Create an instance of the normalizer

In [6]:
normalizer = MinMaxScaler()

normalizer.fit(X_train)

In [7]:
X_train_norm = normalizer.transform(X_train)

X_test_norm = normalizer.transform(X_test)

In [8]:
X_train_norm = pd.DataFrame(X_train_norm, columns = X_train.columns)
X_test_norm = pd.DataFrame(X_test_norm, columns = X_test.columns)

# Grid Search

**Grid Search** - we define a grid of hyperparameter values we want to try. Grid Search tries all possible combinations.

So far, our best model was AdaBoost yield a R-Squared of 0.83.


Let's see how we fine tune our model, in order to that, we will optimize the following hyperparameters:

- **n_estimators:** number of estimators, in this case, number of trees

- **max_leaf_nodes:** maxium number of total leafs to consider

- **max_depth:** maxium number of levels in each tree

- First we define the grid with values to consider when train all possible combinations.

In [9]:
grid = {"n_estimators": [50, 100, 500],
        "estimator__max_leaf_nodes": [250, 500, 1000, None],
        "estimator__max_depth":[10,30,50]}

In [10]:
ada_reg = AdaBoostRegressor(DecisionTreeRegressor())

In [12]:
model = GridSearchCV(estimator = ada_reg, param_grid = grid, cv=5, verbose=4, n_jobs = -1)

In [13]:
model.fit(X_train_norm, y_train)

Fitting 5 folds for each of 36 candidates, totalling 180 fits
[CV 1/5] END estimator__max_depth=10, estimator__max_leaf_nodes=250, n_estimators=50;, score=0.776 total time=   2.9s
[CV 2/5] END estimator__max_depth=10, estimator__max_leaf_nodes=250, n_estimators=50;, score=0.795 total time=   2.9s
[CV 4/5] END estimator__max_depth=10, estimator__max_leaf_nodes=250, n_estimators=50;, score=0.780 total time=   2.9s
[CV 3/5] END estimator__max_depth=10, estimator__max_leaf_nodes=250, n_estimators=50;, score=0.778 total time=   2.9s
[CV 5/5] END estimator__max_depth=10, estimator__max_leaf_nodes=250, n_estimators=50;, score=0.782 total time=   2.9s
[CV 1/5] END estimator__max_depth=10, estimator__max_leaf_nodes=250, n_estimators=100;, score=0.780 total time=   5.3s
[CV 2/5] END estimator__max_depth=10, estimator__max_leaf_nodes=250, n_estimators=100;, score=0.791 total time=   5.3s
[CV 3/5] END estimator__max_depth=10, estimator__max_leaf_nodes=250, n_estimators=100;, score=0.775 total time

- After training, we check what are the best values for the hyperparameters that we have tested.

In [15]:
model.best_params_

{'estimator__max_depth': 50,
 'estimator__max_leaf_nodes': None,
 'n_estimators': 500}

- You can retrieve the best model with the best parameters when accessing **best_estimator_** attribute

In [16]:
best_model = model.best_estimator_

- Evaluate our model

In [17]:
pred = best_model.predict(X_test_norm)

print("MAE", mean_absolute_error(pred, y_test))
print("RMSE", mean_squared_error(pred, y_test, squared=False))
print("R2 score", best_model.score(X_test_norm, y_test))

MAE 0.287548003875969
RMSE 0.4635229770149839




R2 score 0.8352293090509296


# Random Search

**Random Search** - we define probability distributions for each hyperparameter, from which random values are sampled.
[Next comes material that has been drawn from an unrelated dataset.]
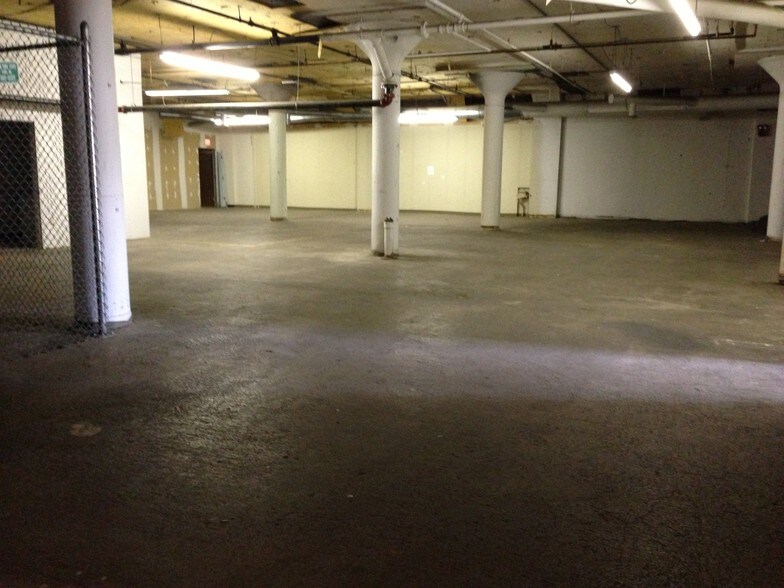 More Photos Of 4 Van Auker St, Rochester Flex For Sale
It’s up to the researcher to set the maximum number of combinations.

In [18]:
grid = {"n_estimators": [int(x) for x in np.linspace(start = 200, stop = 2000, num = 10)],
        "estimator__max_leaf_nodes": [int(x) for x in np.linspace(start = 500, stop = 3000, num = 10)],
        "estimator__max_depth":[int(x) for x in np.linspace(10, 110, num = 11)]}

In [19]:
ada_reg = AdaBoostRegressor(DecisionTreeRegressor())
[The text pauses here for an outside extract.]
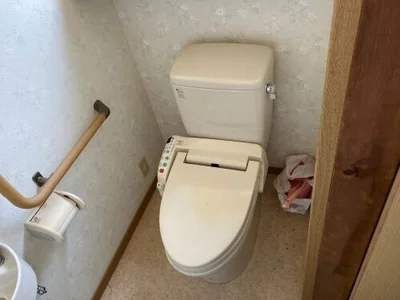 toilet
model = RandomizedSearchCV(estimator = ada_reg, param_distributions = grid, n_iter = 10, cv = 5, n_jobs = -1)

In [20]:
model.fit(X_train_norm,y_train)

In [22]:
model.best_params_

{'n_estimators': 1000,
 'estimator__max_leaf_nodes': 2722,
 'estimator__max_depth': 50}

- You can retrieve the best model with the best parameters when accessing **best_estimator_** attribute

In [24]:
best_model = model.best_estimator_

- Evaluate our model

In [25]:
pred = best_model.predict(X_test_norm)

print("MAE", mean_absolute_error(pred, y_test))
print("RMSE", mean_squared_error(pred, y_test, squared=False))
print("R2 score", best_model.score(X_test_norm, y_test))

MAE 0.2904758570574426
RMSE 0.46306714366719065




R2 score 0.8355532241464539


We dont guarantee these hyperparameters are optimal! We can just guarantee that these are the best from the ones we tried!